In formulating strategy to 2050, government needs broader goals
Hwok-Aun Lee, Asia Nikkei
Malaysia is embarking on a grand experiment as the writing of the government's Transformasi Nasional 2050 document kicks into full swing.
This national transformation project, intended to chart Malaysia's development for the three decades from 2020, promises a new mode of policymaking through myriad discussions, surveys and roadshows, culminating in a comprehensive policy document to be delivered in December.
It also reaches out specifically to young people, who are intended to be the principal audience and beneficiaries. Prime Minister Najib Razak has tapped Khairy Jamaluddin, the charismatic Minister of Youth and Sports, as chief organizer and ambassador.
The "government knows best" era is over, according to the project tagline. At the same time, political leaders have been intimately involved, rousing public sentiments at discussion sessions while canvassing for aspirations and ideas. With Malaysia's 14th general election widely expected to be called this year, the TN50 process evidently plays a role in burnishing the ruling coalition's popularity.

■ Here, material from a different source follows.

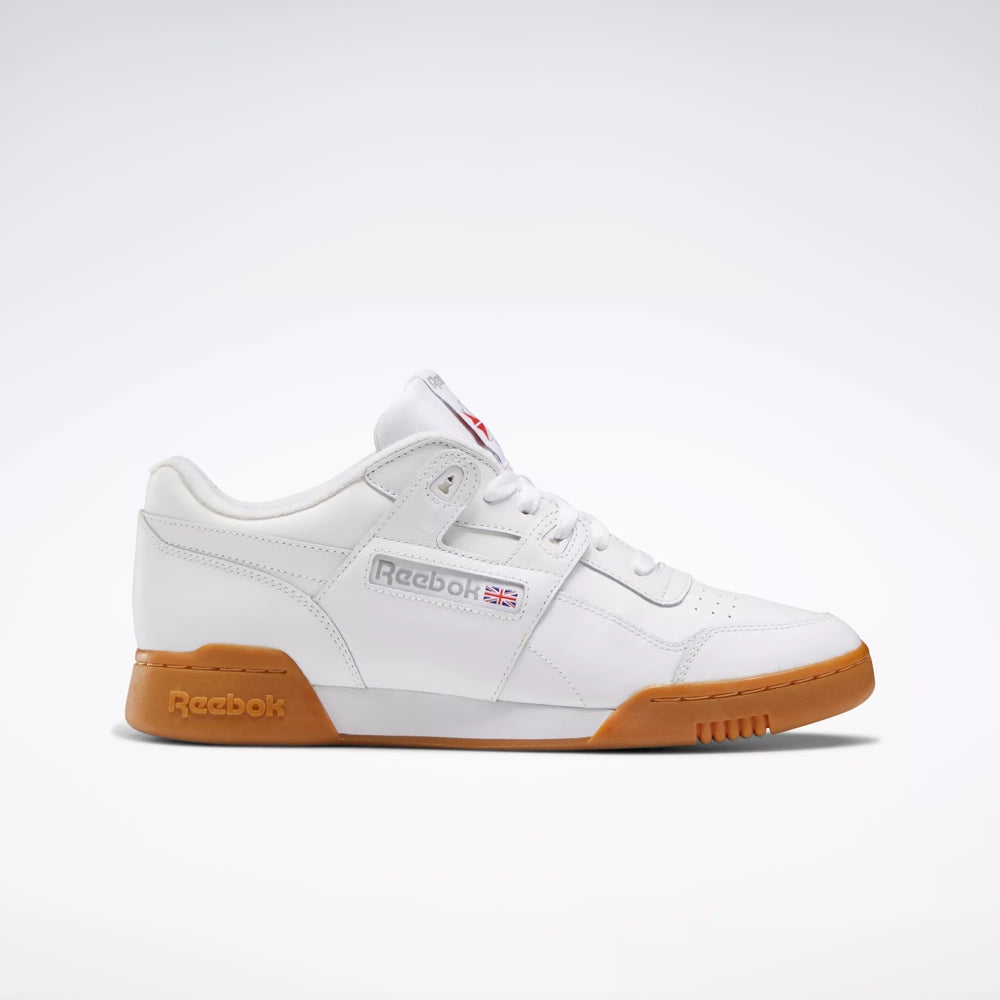 Champion Masculino Reebok Classics Workout Plus Blanco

Undeniably, TN50 introduces a novel and potentially game-changing approach to policy. But will this exercise fulfill its promise of a "bottom-up" process that represents the voice of the people, or will it be a vehicle to publicly endorse the government's wishes? The answer depends on a series of issues.

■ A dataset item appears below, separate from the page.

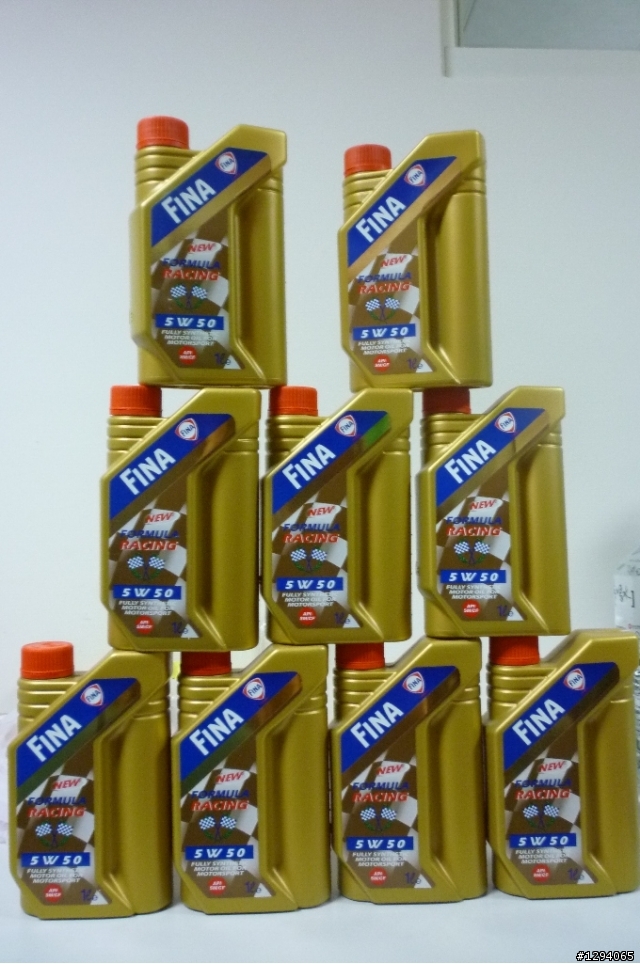 {開箱&請益}FINA 5W50 金瓶紅蓋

Firstly, TN50 resolves ultimately to set "solid targets," but broad public engagement yields better material for articulating national values, aspirations and ideals. Long-term quantitative goals might reflect a commitment to specific, binding obligations, but can end up glossing over complexities and nuances in society and manufacturing popular endorsement of preconceived agendas.
TN50 follows two earlier momentous policies or visionary statements: the New Economic Policy, and Vision 2020. The NEP, spanning 1971-1990, was authored by academics and technocrats and set some targets, but not in a comprehensive manner. Vision 2020, derived from a speech by former Prime Minister Mahathir Mohamad, articulated idealistic ambitions and sweeping notions of progress over 30 years.
In contrast, TN50 adopts the current policy trend of setting and monitoring key performance indicators. These have been applied to short- and medium-term plans (two to five years), or single sector reforms such as an Education Blueprint (2015-2030). Extrapolating this method to a 30-year comprehensive program is bold and unprecedented, but is it wise and meaningful?
Najib and Khairy clearly desire to distinguish TN50 from Vision 2020, which they criticize for merely expressing lofty intentions. However, this fervor to depart from the iconic Vision may encourage the pursuit of concrete but underwhelming objectives.
It is cumbersome and potentially chaotic to solicit free-ranging suggestions of quantifiable goals on a 30-year horizon. Expectedly, TN50 discussions, held since January on public university campuses, have been steered to focus on set topics, notably international recognition of the country's achievements.